> [About this exercise]: Of the lines in the material below, print only those from the one containing "Blue dress with a belt on a white background" to the one containing "532 Comal Trail", ends included, exactly as written and without pictures.

++++ Working data ++++

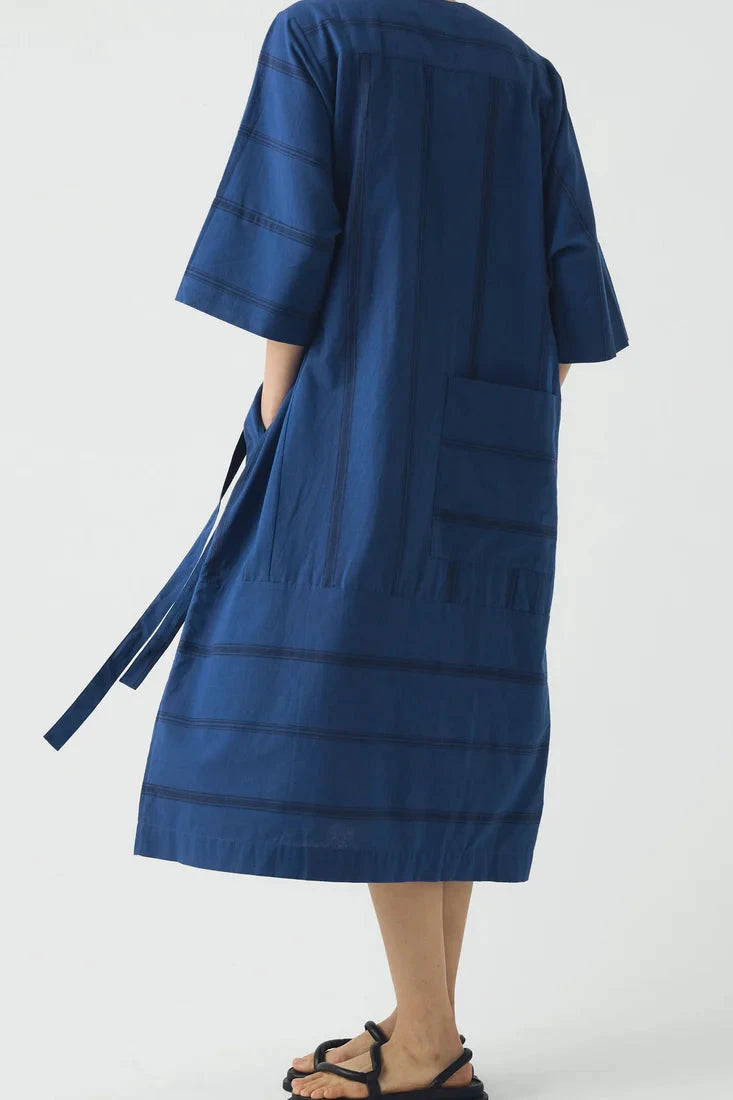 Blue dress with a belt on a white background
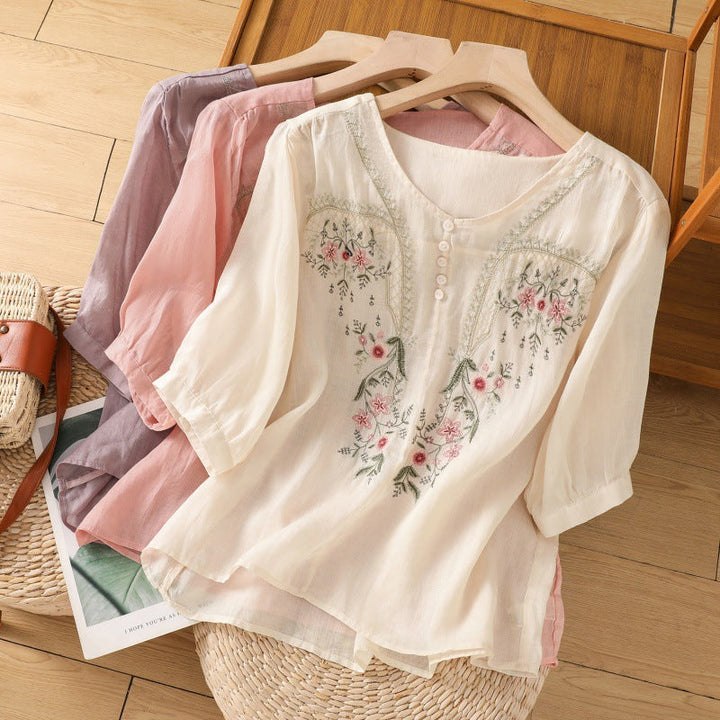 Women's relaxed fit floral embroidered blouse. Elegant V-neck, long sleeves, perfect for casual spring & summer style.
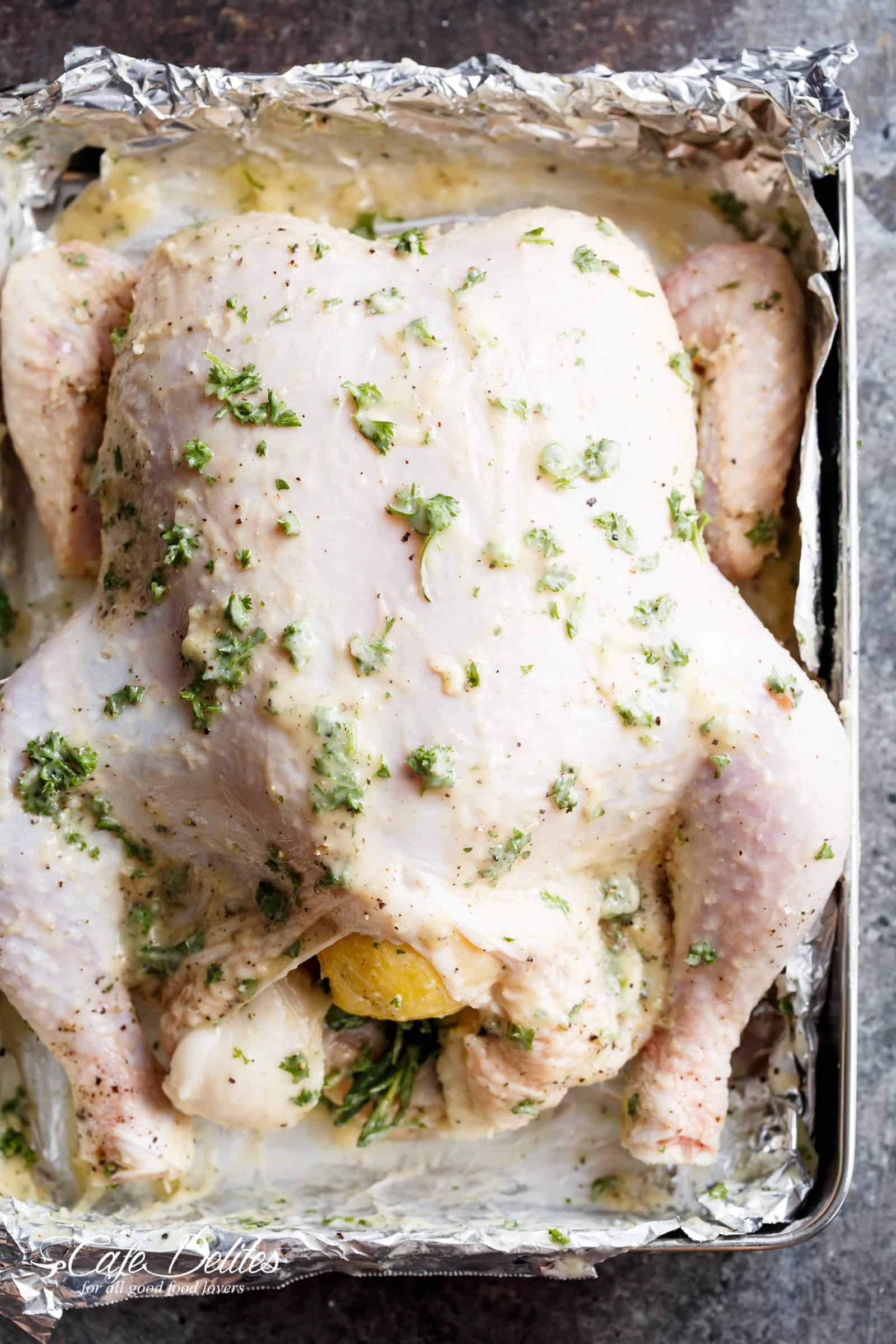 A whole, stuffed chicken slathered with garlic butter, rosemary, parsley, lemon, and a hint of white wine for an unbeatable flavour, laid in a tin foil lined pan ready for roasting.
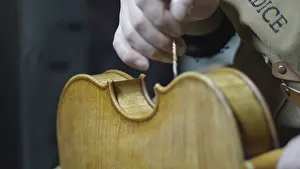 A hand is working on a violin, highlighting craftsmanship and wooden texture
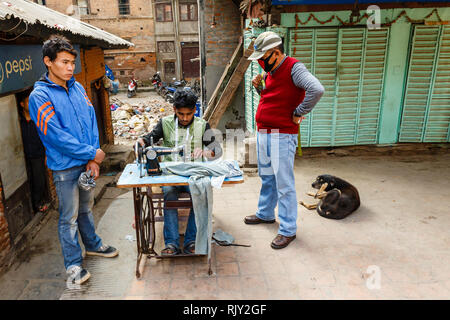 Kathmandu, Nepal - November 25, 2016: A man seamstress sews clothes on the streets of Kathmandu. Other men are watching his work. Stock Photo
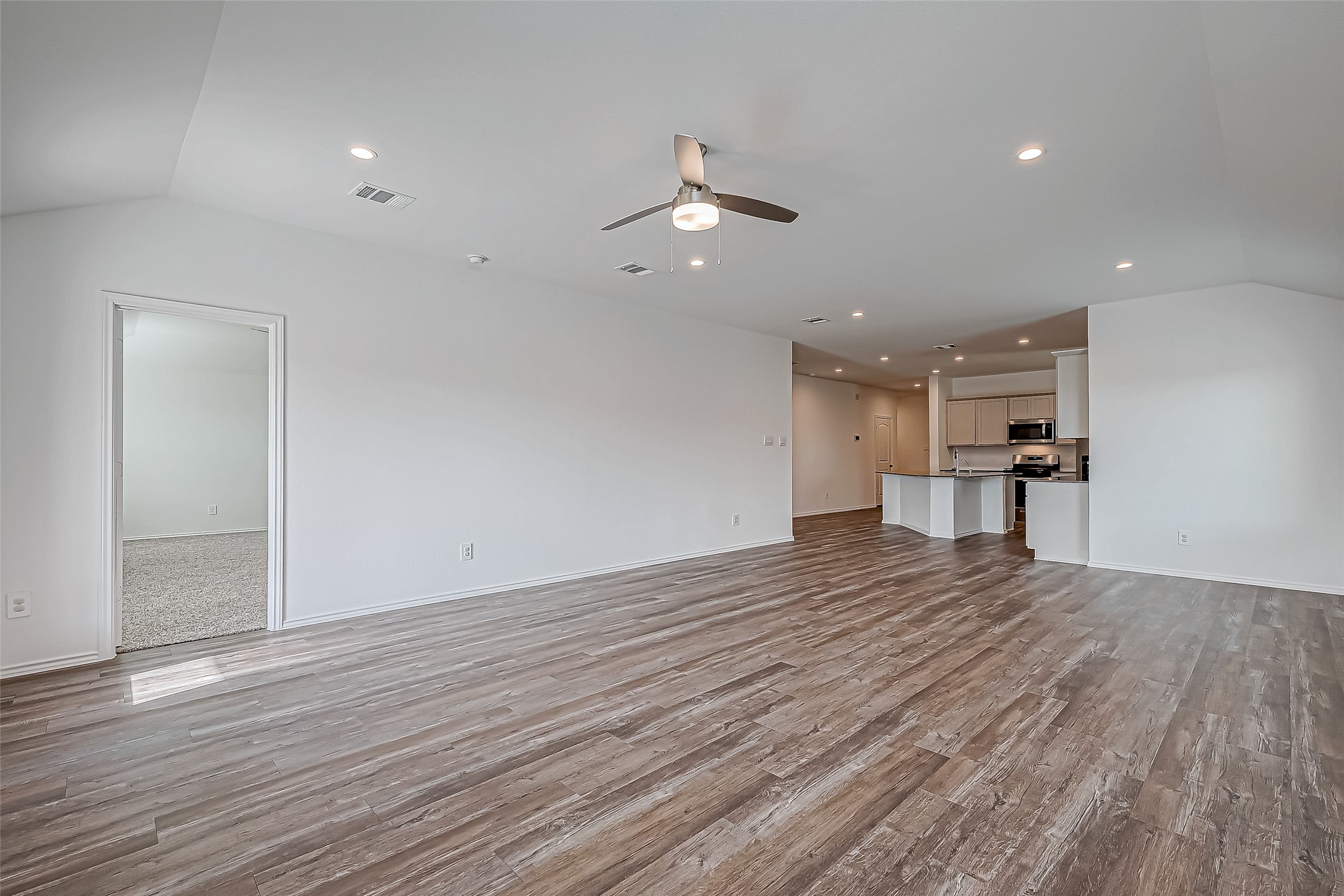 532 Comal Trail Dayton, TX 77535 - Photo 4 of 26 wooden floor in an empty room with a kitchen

++++
++++ Working data ++++

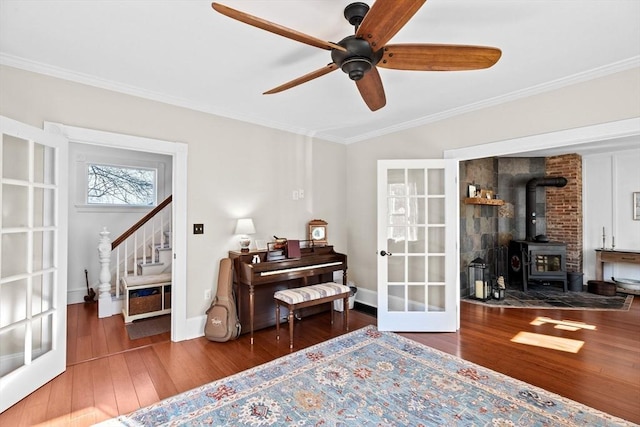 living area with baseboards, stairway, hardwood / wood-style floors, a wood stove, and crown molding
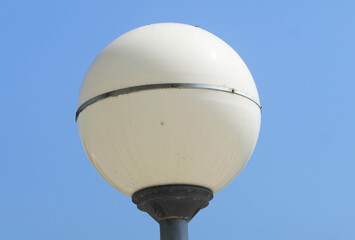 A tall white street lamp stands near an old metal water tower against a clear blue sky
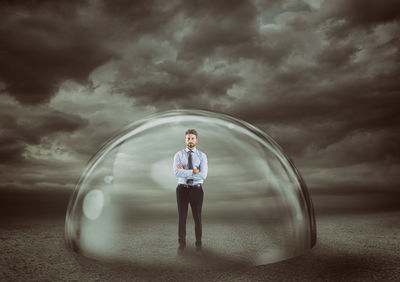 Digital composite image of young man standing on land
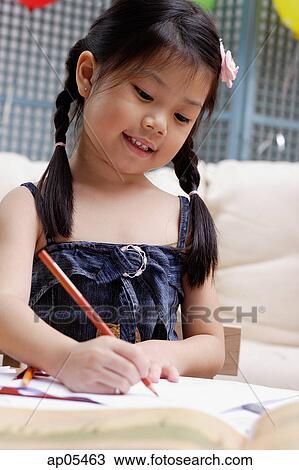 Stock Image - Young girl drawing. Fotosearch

++++
++++ Working data ++++

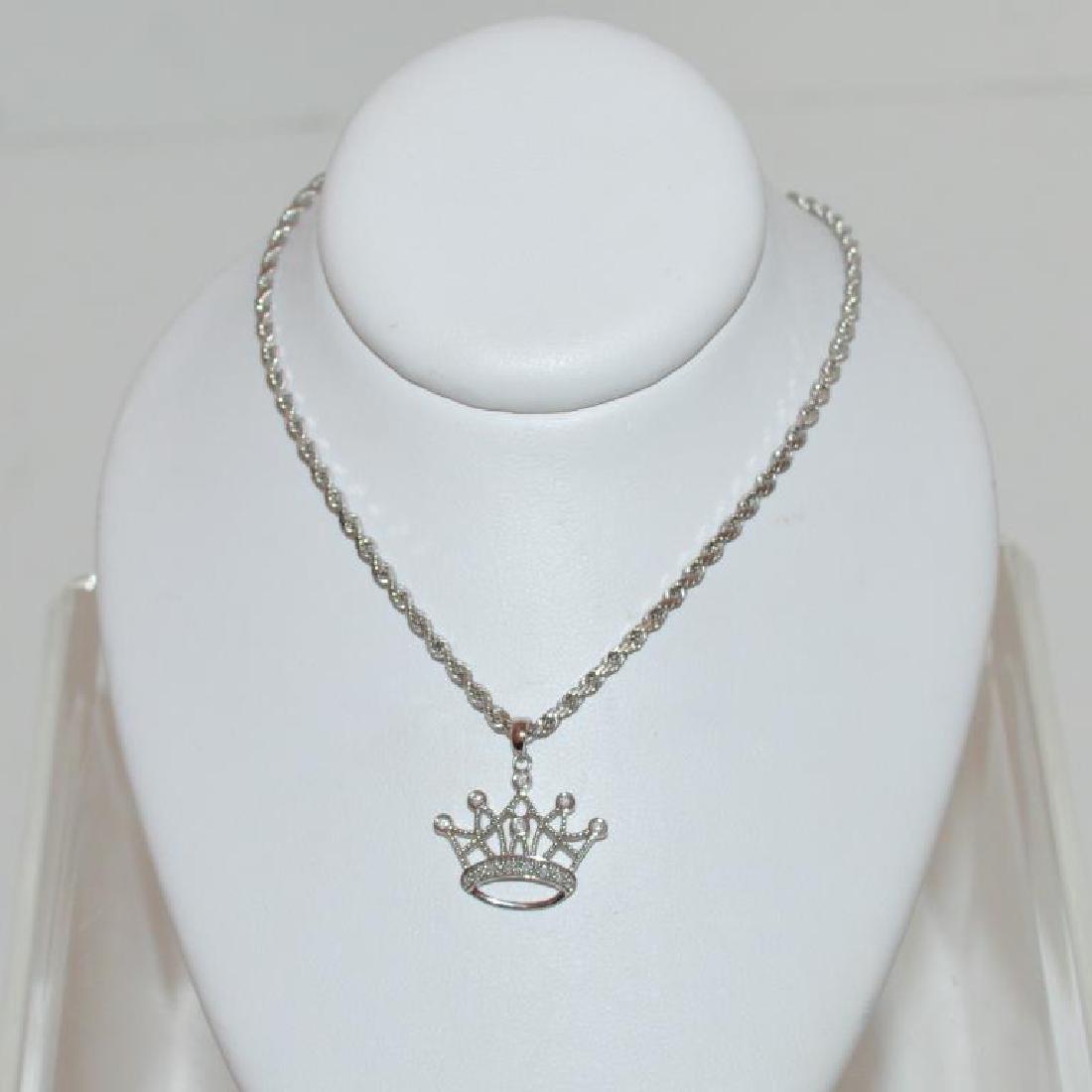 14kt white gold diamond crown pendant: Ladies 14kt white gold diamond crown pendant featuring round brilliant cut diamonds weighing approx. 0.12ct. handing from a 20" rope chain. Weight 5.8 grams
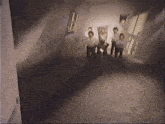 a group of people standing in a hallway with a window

++++

> [Answer to this exercise]:
 Blue dress with a belt on a white background
 Women's relaxed fit floral embroidered blouse. Elegant V-neck, long sleeves, perfect for casual spring & summer style.
 A whole, stuffed chicken slathered with garlic butter, rosemary, parsley, lemon, and a hint of white wine for an unbeatable flavour, laid in a tin foil lined pan ready for roasting.
 A hand is working on a violin, highlighting craftsmanship and wooden texture
 Kathmandu, Nepal - November 25, 2016: A man seamstress sews clothes on the streets of Kathmandu. Other men are watching his work. Stock Photo
 532 Comal Trail Dayton, TX 77535 - Photo 4 of 26 wooden floor in an empty room with a kitchen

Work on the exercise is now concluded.